# logistic regression: using sas

Problem 1 Churn analysis

Given the large number of competitors, cell phone carriers are very interested in analyzing and predicting customer retention and churn. The primary goal of churn analysis is to identify those customers that are most likely to discontinue using your service or product. The dataset churn_train.csv contains information about a random sample of customers of a cell phone company.

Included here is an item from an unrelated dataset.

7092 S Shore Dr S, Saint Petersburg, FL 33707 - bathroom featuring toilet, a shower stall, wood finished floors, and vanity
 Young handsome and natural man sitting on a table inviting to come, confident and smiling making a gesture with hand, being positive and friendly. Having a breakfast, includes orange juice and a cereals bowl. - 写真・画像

The company is interested in a churn predictive model that identifies the most important predictors affecting probability of switching to a different mobile phone company (churn = 1). Answer the following questions:

• Create two boxplots to analyze the observed values of age and PCT_CHNG_BILL_AMT by churn value. Analyze the boxplots and discuss how customer age and changes in bill amount affect churn probabilities. Include the boxplots.
• Using a selection method, fit the final logistic regression model to predict the churn probability using the data in the dataset (Churn is the response variable and the remaining variables are the independent x-variables). Include the SAS output. Write down the expression of the fitted model.
• Analyze the final logistic regression model and discuss the effect of each variable on the churn probability.
• Using SAS, compute the predicted churn probability and the confidence interval for a male customer who is 43 years old, and has the following information LAST_PRICE_PLAN_CHNG_DAY_CNT=0, TOT_ACTV_SRV_CN=4, PCT_CHNG_IB_SMS_CNT= 1.04, PCT_CHNG_BILL_AMT= 1.19, and COMPLAINT =1. Include the output, interpret and explain the 3 values you obtained.